22Vgl. OVG NRW, Urteil vom 03.02.1986 - 11 A 742/84 -, n.v.; VGH Baden-Württemberg, Urteil vom 13.06.1984 - 3 S 696/84 -, NJW 1985, 1723; Niedersächsisches OVG, Urteil vom 26.03.1999 - 1 L 215/97-, NVwZ 1999, 1013 und bei juris; Hahn in: Boeddinghaus/Hahn/Schulte, BauO NRW, Loseblatt-Kommentar (Stand: Dezember 2008), § 83 Rn. 58; Heintz in: Gädtke/Temme/Heintz/Czepuck, BauO NRW, 11. Auflage 2008, § 83 Rn. 50.

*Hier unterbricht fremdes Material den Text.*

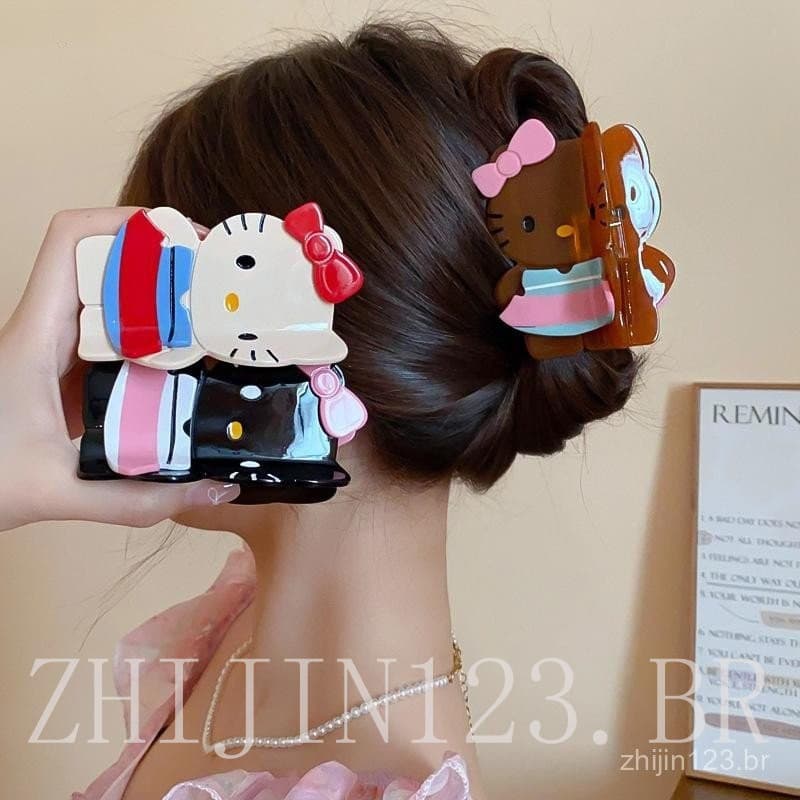 Lindos Clipes de Cabelo Sanrio Hello Kitty, Adequados para Mulheres e Meninas, Clipes de Cabelo de Desenho Animado E7GC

23Dies ist hier der Fall, weil der Beklagte im rückwärtigen Bereich des Grundstücks N.-----straße 35 eine dort auch noch vorhandene Garage genehmigt hat, deren Erschließung ohne die Wegebaulast auf dem klägerischen Grundstück nicht gesichert wäre.
24Ein Anspruch auf Löschung der nach alledem wirksam entstandenen Baulast ergibt sich auch nicht aus § 83 Abs. 3 Satz 2 BauO NRW. Danach hat die Bauaufsichtsbehörde auf Antrag der Grundstückseigentümerin oder des Grundstückseigentümers den Verzicht zu erklären, wenn ein öffentliches Interesse an der Baulast nicht mehr besteht. Das öffentliche Interesse an der Beibehaltung der Baulast hat der Beklagte zu Recht damit begründet, dass der dem Nachbargrundstück zugehörige Teil der gemeinsamen Zufahrt zu den rückwärtigen Grundstücksbereichen nicht die nach § 3 Abs. 3 GarVO erforderliche Zufahrtsbreite von 2,30 m aufweist, so dass eine ausreichende Erschließung der bestandskräftig genehmigten Garage auf dem Nachbargrundstück ohne die Wegebaulast nicht mehr gesichert wäre.
25Die Kostenentscheidung folgt aus § 154 Abs. 1, 159 Satz 2 VwGO.
26Der Ausspruch zur vorläufigen Vollstreckbarkeit beruht auf § 167 Abs. 1 VwGO i.V.m. §§ 708 Nr. 11, 711 ZPO.